**The task**
Your response should contain only the lines running from the top of the data below through the line with "Маркер костной резорбции.", both included. Pictures must be omitted.

━━━ Data extracts ━━━

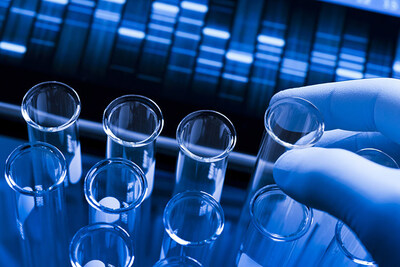 New Analytical Validation Confirms Accuracy and Precision of MyProstateScore 2.0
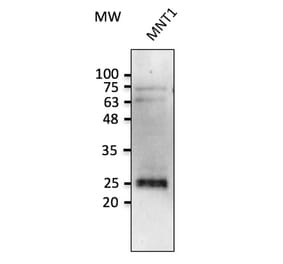 Western Blot - Anti-RAB38 Antibody (AB0242) - Antibodies.com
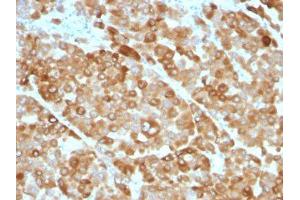 Image no. 1 for anti-Tyrosinase (TYR) antibody (ABIN6189763) (TYR antibody)
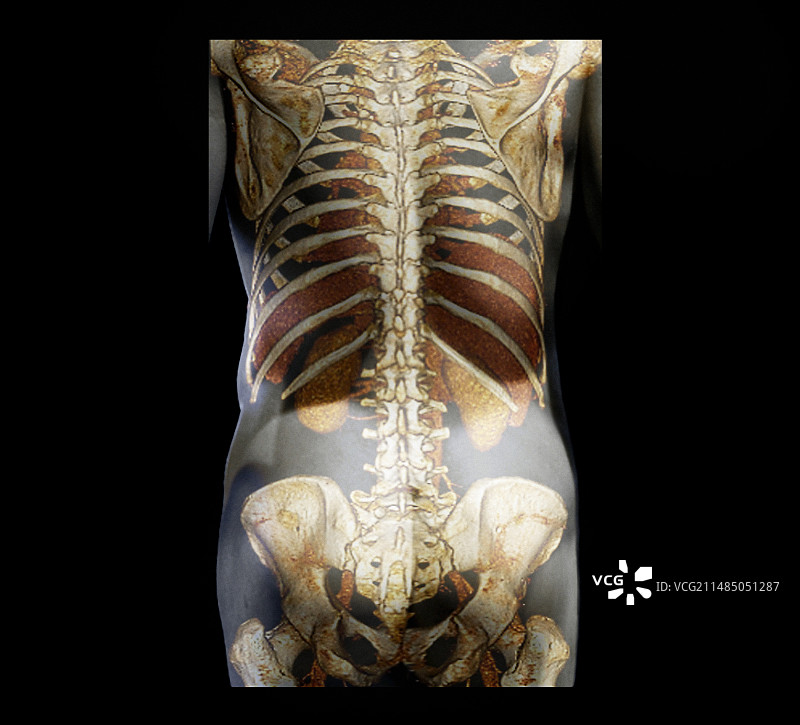 健康的脊柱3D CT扫描图片素材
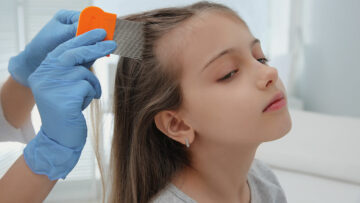 Kopfläuse richtig behandeln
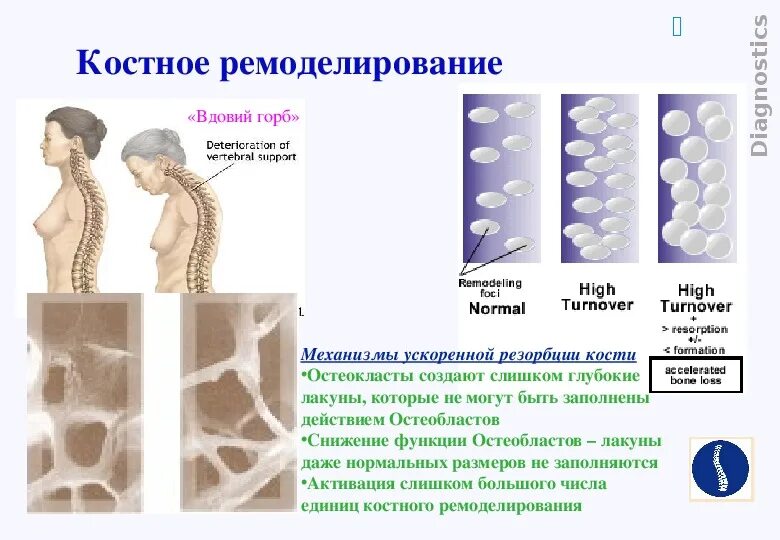 Маркер костной резорбции. Маркеры резорбции костной ткани. Ремоделирования костной ткани биохимия. Костный ткань нормальная и остеопороз. Фазы ремоделирования костной ткани.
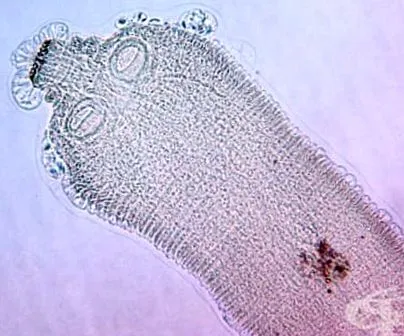 hymenolepidosis emberi testben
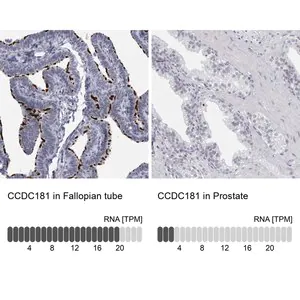 Merck Anti-CCDC181 antibody produced in rabbit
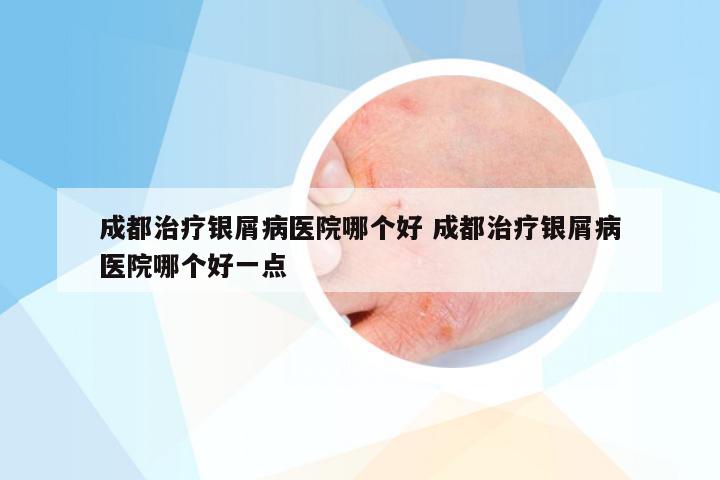 成都治疗银屑病医院哪个好 成都治疗银屑病医院哪个好一点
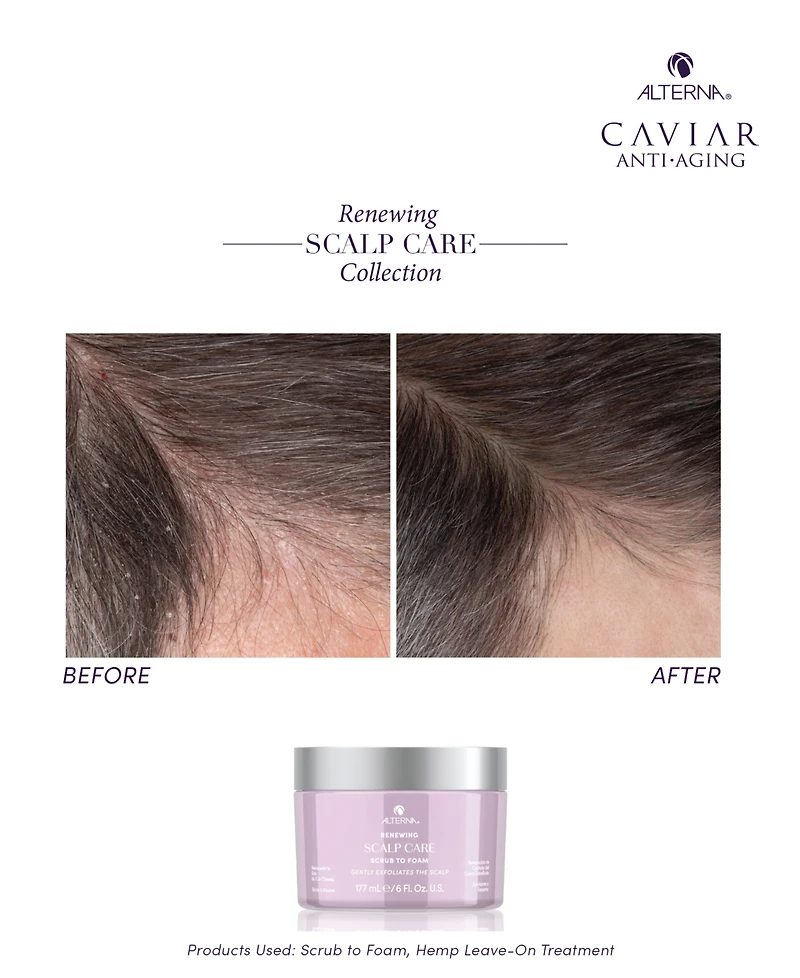 Alterna Renewing Scalp Care Scrub To Foam, 6 oz.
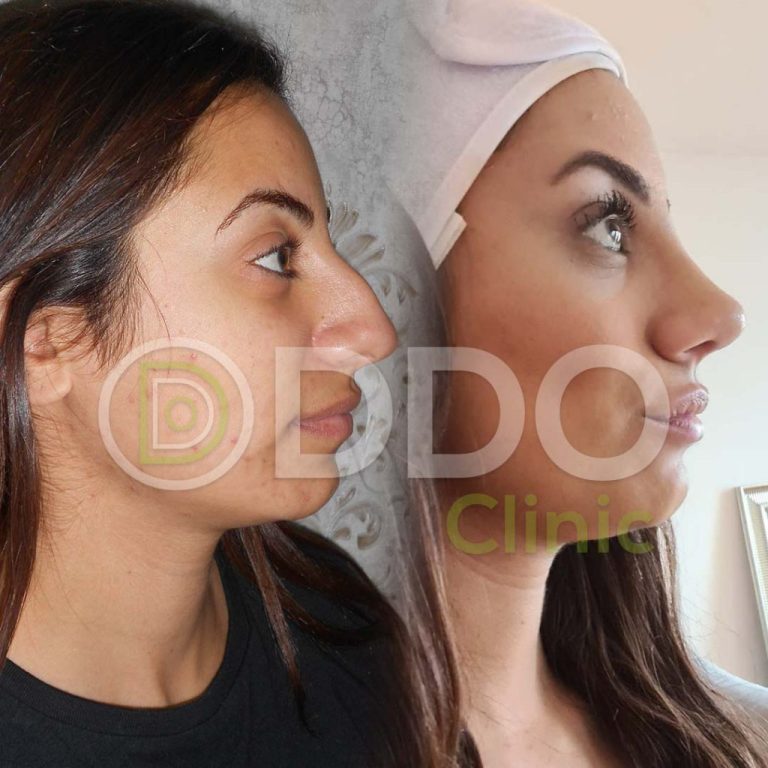 Rhinoplasty Turkey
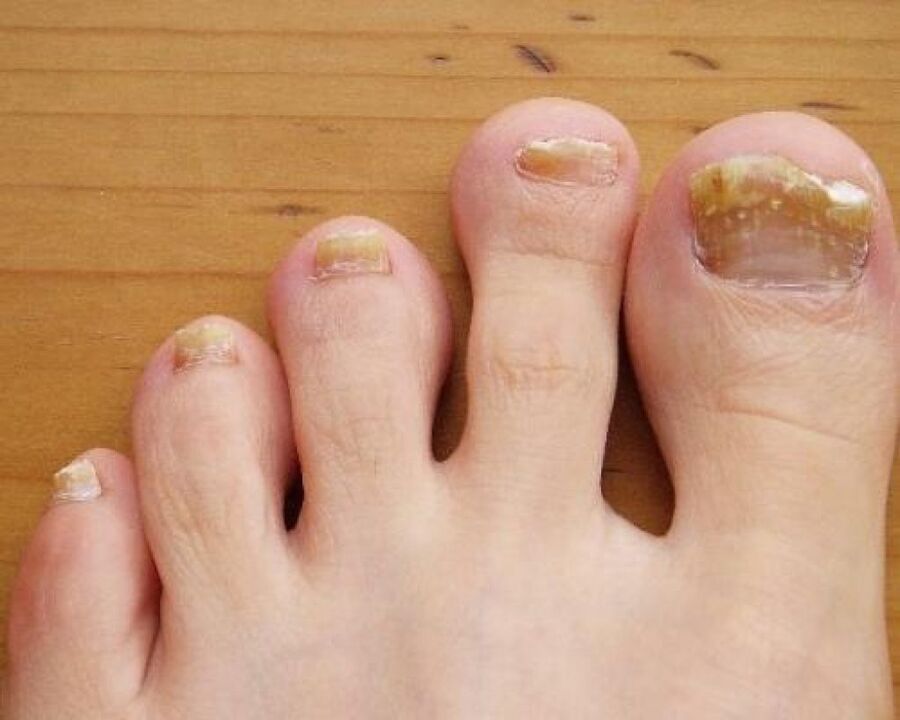 Gelbfärbung der Nagelplatte durch Pilzbefall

━━━

**Reply**
 New Analytical Validation Confirms Accuracy and Precision of MyProstateScore 2.0
 Western Blot - Anti-RAB38 Antibody (AB0242) - Antibodies.com
 Image no. 1 for anti-Tyrosinase (TYR) antibody (ABIN6189763) (TYR antibody)
 健康的脊柱3D CT扫描图片素材
 Kopfläuse richtig behandeln
 Маркер костной резорбции. Маркеры резорбции костной ткани. Ремоделирования костной ткани биохимия. Костный ткань нормальная и остеопороз. Фазы ремоделирования костной ткани.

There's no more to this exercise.